> _EXCERPTED DATA_:
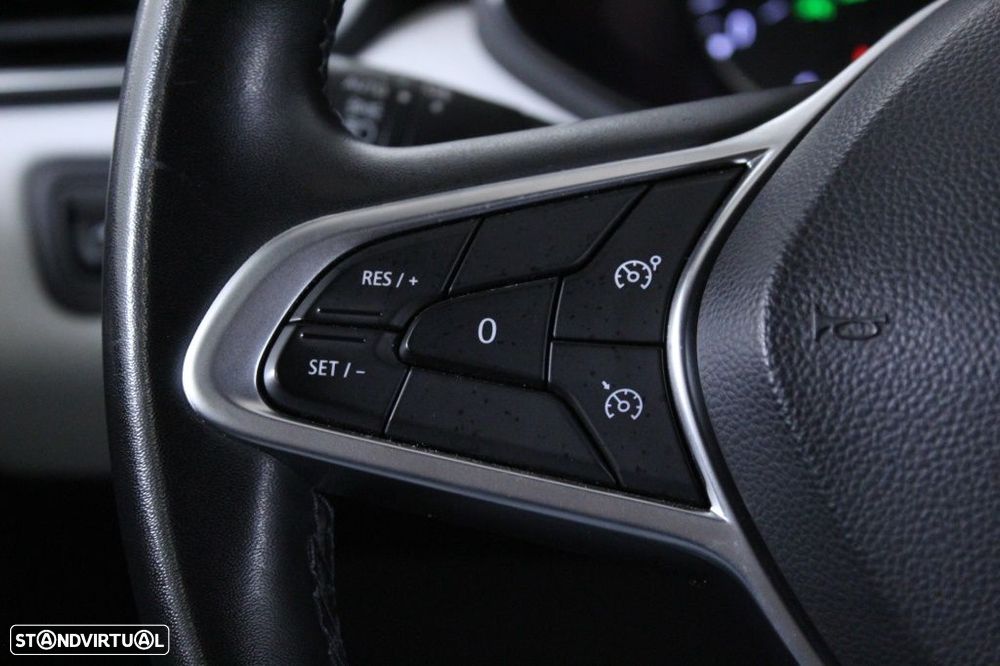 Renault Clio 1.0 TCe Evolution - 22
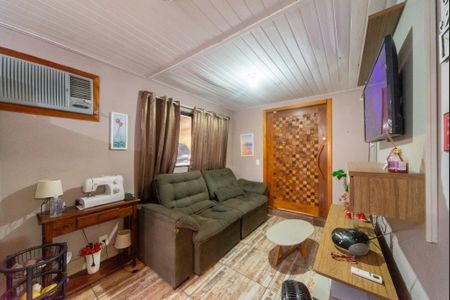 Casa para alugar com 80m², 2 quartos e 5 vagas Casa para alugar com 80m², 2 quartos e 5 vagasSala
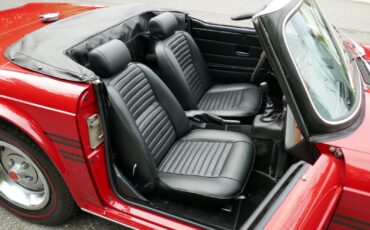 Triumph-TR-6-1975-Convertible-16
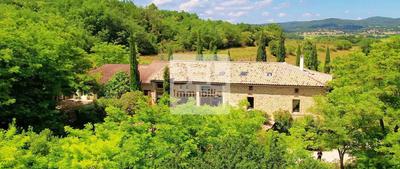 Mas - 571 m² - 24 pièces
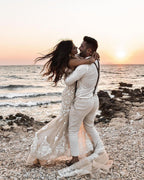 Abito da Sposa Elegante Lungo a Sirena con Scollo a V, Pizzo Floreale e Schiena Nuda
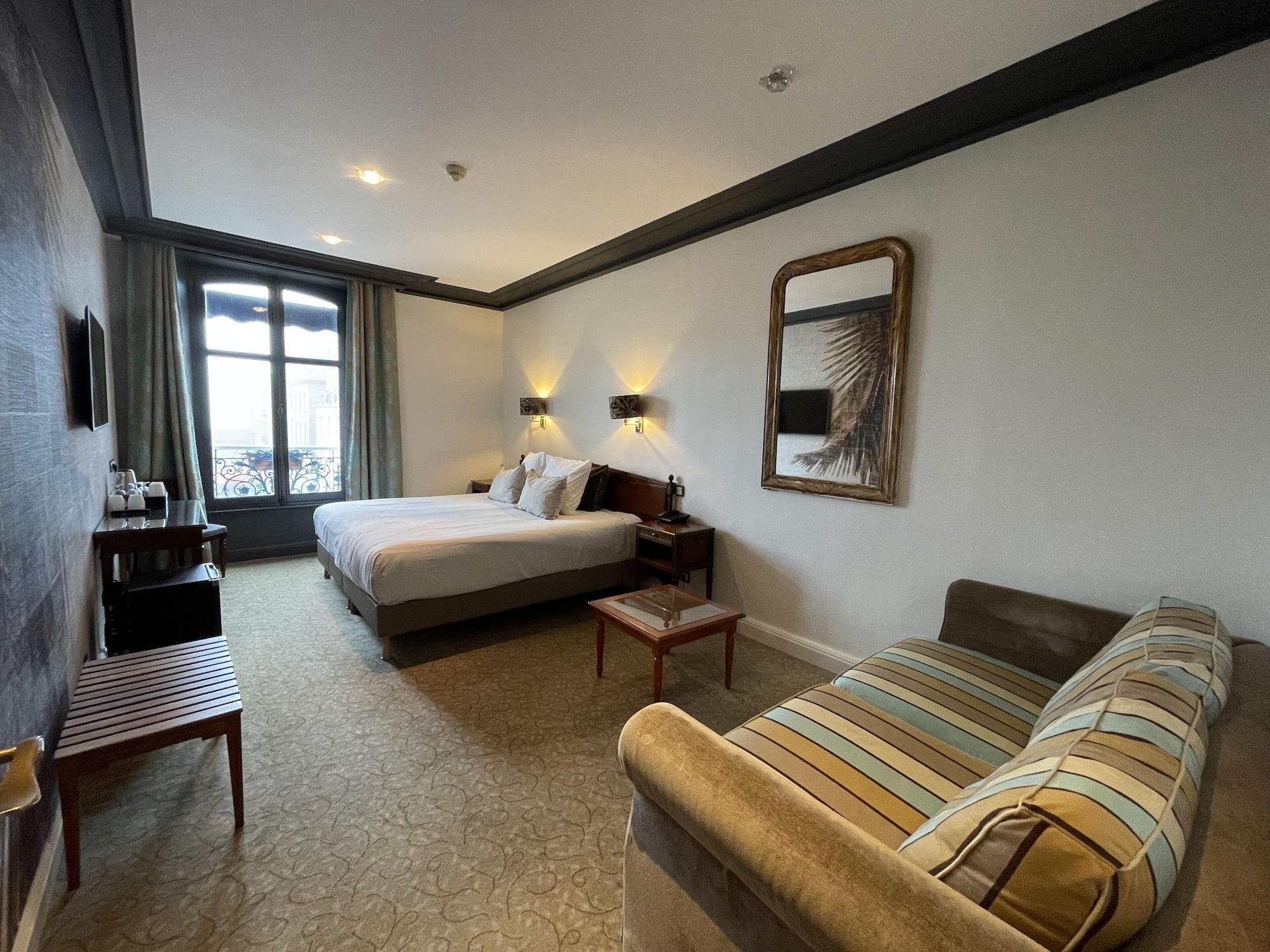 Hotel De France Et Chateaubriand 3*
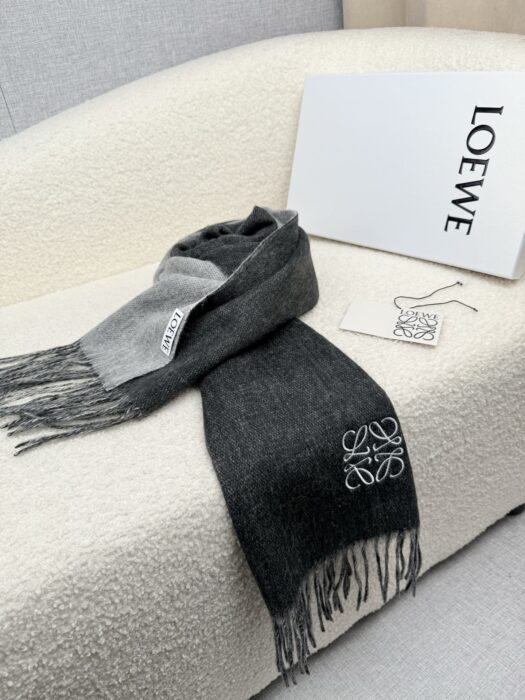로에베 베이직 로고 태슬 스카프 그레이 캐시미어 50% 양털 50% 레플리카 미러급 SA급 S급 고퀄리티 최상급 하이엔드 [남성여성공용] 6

* * *

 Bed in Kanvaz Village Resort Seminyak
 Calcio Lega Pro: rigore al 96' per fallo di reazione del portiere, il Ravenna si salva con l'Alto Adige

> _WHAT THE TASK REQUIRES_:
Output only the lines above from the line that holds "Renault Clio 1.0 TCe Evolution - 22" through the line that holds "로에베 베이직 로고 태슬", both ends included, and exclude pictures.

> _REPLY_:
 Renault Clio 1.0 TCe Evolution - 22
 Casa para alugar com 80m², 2 quartos e 5 vagas Casa para alugar com 80m², 2 quartos e 5 vagasSala
 Triumph-TR-6-1975-Convertible-16
 Mas - 571 m² - 24 pièces
 Abito da Sposa Elegante Lungo a Sirena con Scollo a V, Pizzo Floreale e Schiena Nuda
 Hotel De France Et Chateaubriand 3*
로에베 베이직 로고 태슬 스카프 그레이 캐시미어 50% 양털 50% 레플리카 미러급 SA급 S급 고퀄리티 최상급 하이엔드 [남성여성공용] 6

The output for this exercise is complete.